发布时间：2018-07-14 16:19

【摘要】：纳米复合材料由于其优良的综合性能,特别是其性能的可设计性被广泛应用于航空航天、国防、交通和体育等领域。纳米颗粒具有颗粒尺寸小、比表面积大、表面能高、表面原子所占比例大等特点,以及其特有的宏观量子隧道效应,使得纳米复合材料在力热光电等领域的研究方兴未艾,比如在力学方面,由于纳米颗粒表面效应带来的增强效应使得纳米颗粒增韧复合材料得到了深入而广泛的研究。但是国内外关于纳米复合材料在动态力学性能方面的研究工作开展较少,对纳米颗粒的增强机理认识还不够全面。因此对不同物理性质的纳米颗粒开展相关研究,以期对颗粒增强机理有更深入的认识,这对颗粒增强复合材料的设计与应用具有重要的意义。本文基于分离式Hopkinson杆实验技术,系统地研究了基体环氧树脂以及分别由纳米SiO2和纳米橡胶颗粒增强的环氧树脂基复合材料压缩力学性能测试。对影响Hopkinson压杆实验精度的各因素进行了系统分析,得到了材料的力学行为与应变率、颗粒性能和颗粒含量的相关性;通过有限元分析软件建立复合材料的unit cell模型,对复合材料中颗粒作用机理进行了分析研究;根据环氧树脂类材料的力学响应,建立了含有8个参数的本构关系。
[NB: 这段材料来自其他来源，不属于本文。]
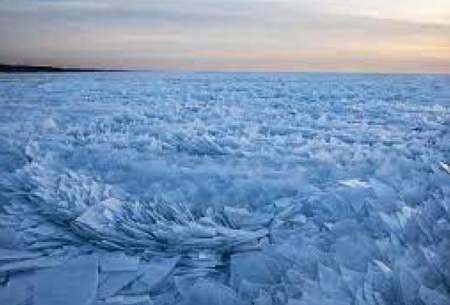 یخ زدن امواج خروشان در دریاچه بالکان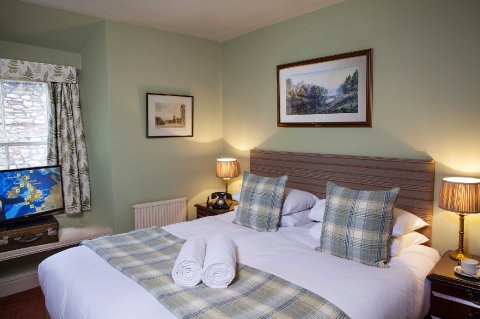 Classic double bedroom - The White Hart Hotel 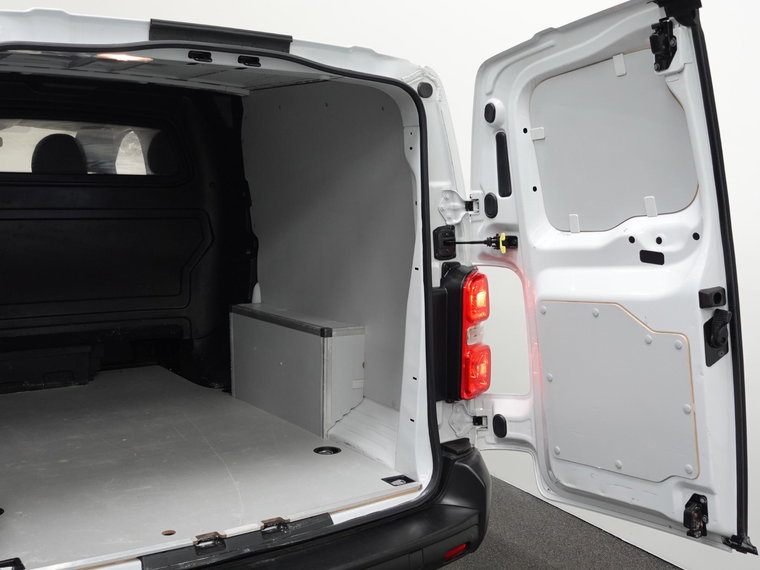 Vehicle Image 36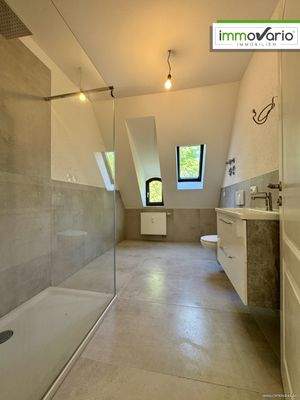 Badezimmer DG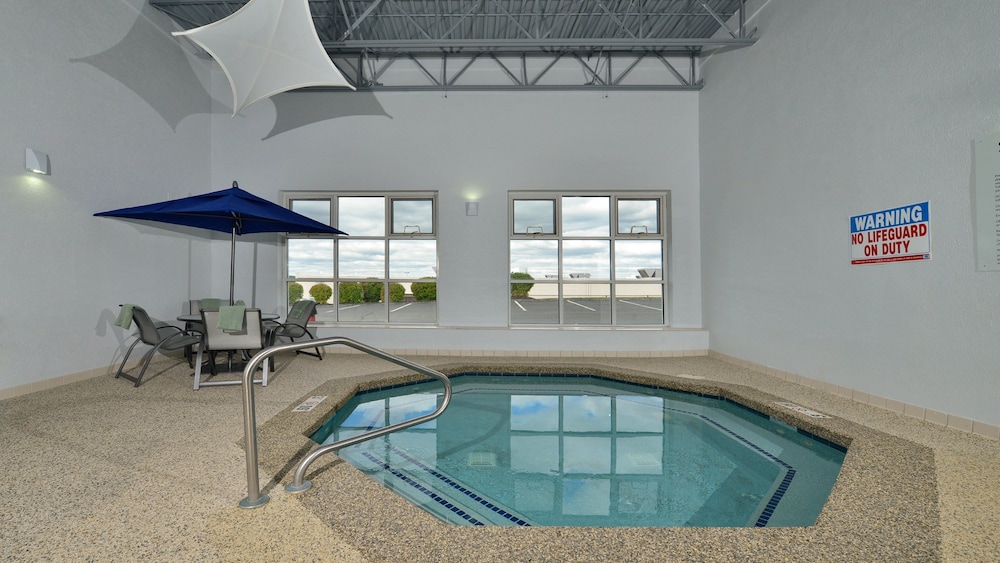 Holiday Inn Express Boston - Milford by IHG — Main photo in Milford, Massachusetts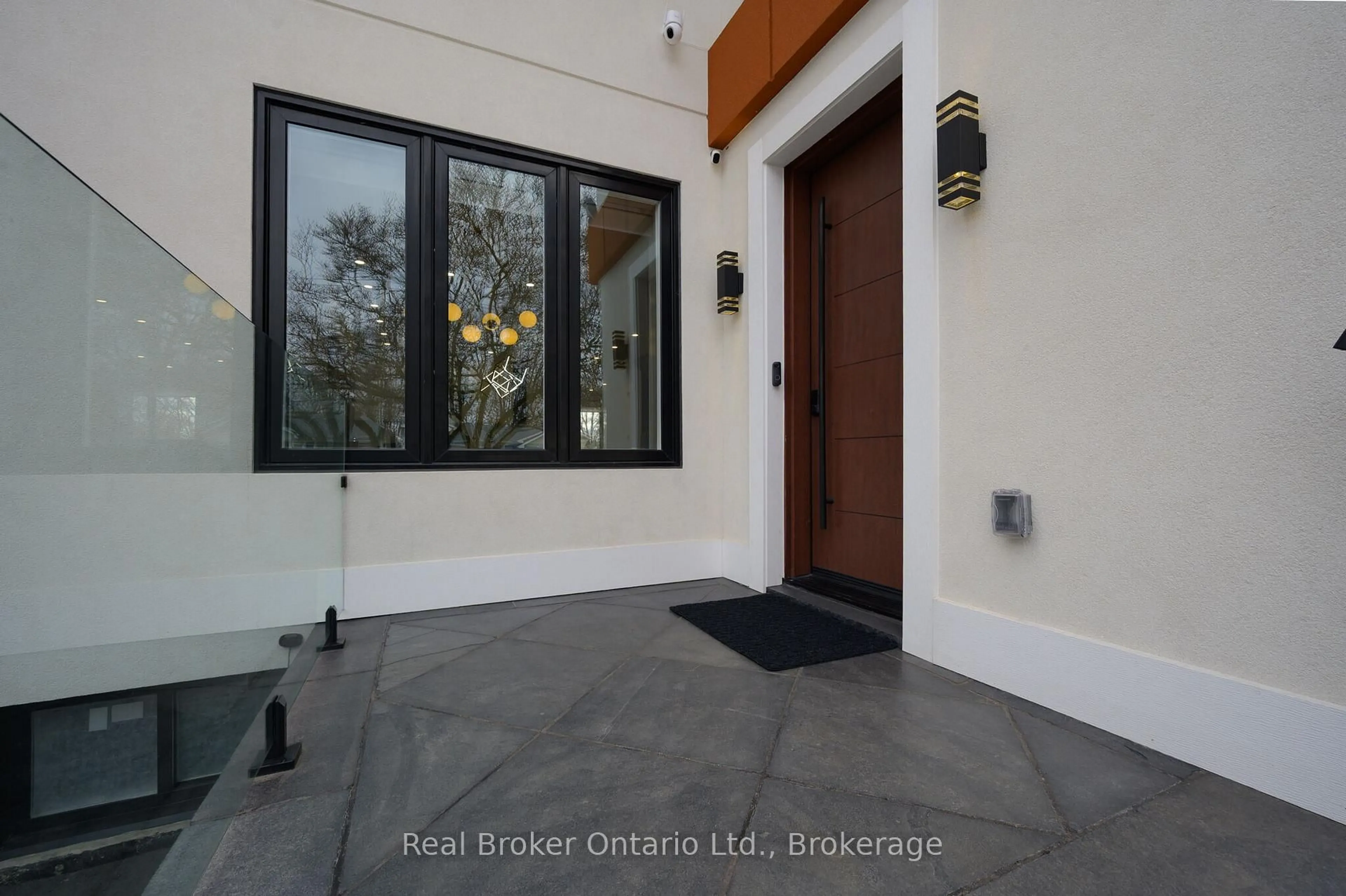 Indoor foyer for 396 River Side Dr, Oakville Ontario L6K 3N7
论文所取得的主要结论为:(1)通过对Hopkinson压杆加载试样过程的解析分析表明:对于本文研究的环氧树脂类材料,即使施加于试样中的应力没有完全达到平衡,只要加载时间超过两个特征时间,根据三波法计算出的试样应力应变曲线也是足够精确。若以弹性模量的精确度为标准,计算的误差在5%之内。通过优化设计加载波,提出了一组优化应力波构型的解析解。对于线弹性材料试样在小应变加载下,满足该方程的应力波可以在两个特征时间之后,实现试样内应力平衡和恒定应变率加载,相应的有限元模拟和基于脆性砂石材料的试验也证实了该方程的准确性和可行性。(2)在复合材料动态弹性模量测试精度研究中,发现压痕效应、试样和杆不完全接触是材料动态弹性模量测不准的两大因素。对于金属类高弹性模量材料,通过有限元分析得知常规尺寸的试样和压杆端面间严重的压痕效应导致弹性模量测量误差远大于5%。当采用转接头和长试样时可以将测试误差降低,相应有限元分析证实了该方案的可行性。而对于聚合物类低弹性模量材料,可以通过增大试样直径以避免较大的压痕效应,通过采用本文开发的竖直Hopkinson杆加载技术,改善试样和杆端面的接触状态,实现了聚合物材料动态弹性模量的精确测量。(3)通过对环氧树脂材料进行一系列压缩试验发现:环氧树脂材料力学变形能否完全恢复的临界载荷大于材料的弹性极限,其数值非常接近峰值应力。对环氧树脂材料在峰值应力处变形机理进行研究,推断出可能的变形机理:当施加于材料中的载荷达到峰值应力时,材料内部分子链三维网状结构中交联点开始断裂破坏,随之启动了应变软化的变形过程,由这些分子链链段运动造成的形变是不能自主恢复的。(4)通过对刚性颗粒SiO2增强复合材料的峰值应力和相应的应变率敏感性分析研究发现:该颗粒增强效应不明显。基于unit cell模型数值模拟结果表明:刚性颗粒增强效果依赖于基体材料的本构特征,即受制于基体环氧树脂材料峰值应力后的应变软化率。进一步的模拟研究发现:当软化率低到一定程度时,即使添加刚性颗粒,其增强效果也可以为负,即减弱了复合材料的力学性能。通过对柔性橡胶颗粒增强复合材料的峰值应力和相应的应变率敏感性研究发现:虽然橡胶颗粒减弱了材料的峰值应力,但是颗粒在大变形下的应变硬化阶段的增强效果显著。Unit cell模型模拟发现:在大变形下,由于橡胶颗粒的不可压缩性,颗粒表现为具有刚性颗粒的增强效果。(5)基于环氧树脂材料的力学响应特征,提出了一种本构方程,该方程由Maxwell模型、Weibull模型和指数函数组成。模型采用8个参数,可以较好地反映环氧树脂类材料的峰值应力以及应变软化、平台应力和应变硬化等三大特征,并且容易拓展表征以此为基体的颗粒增强复合材料的力学响应。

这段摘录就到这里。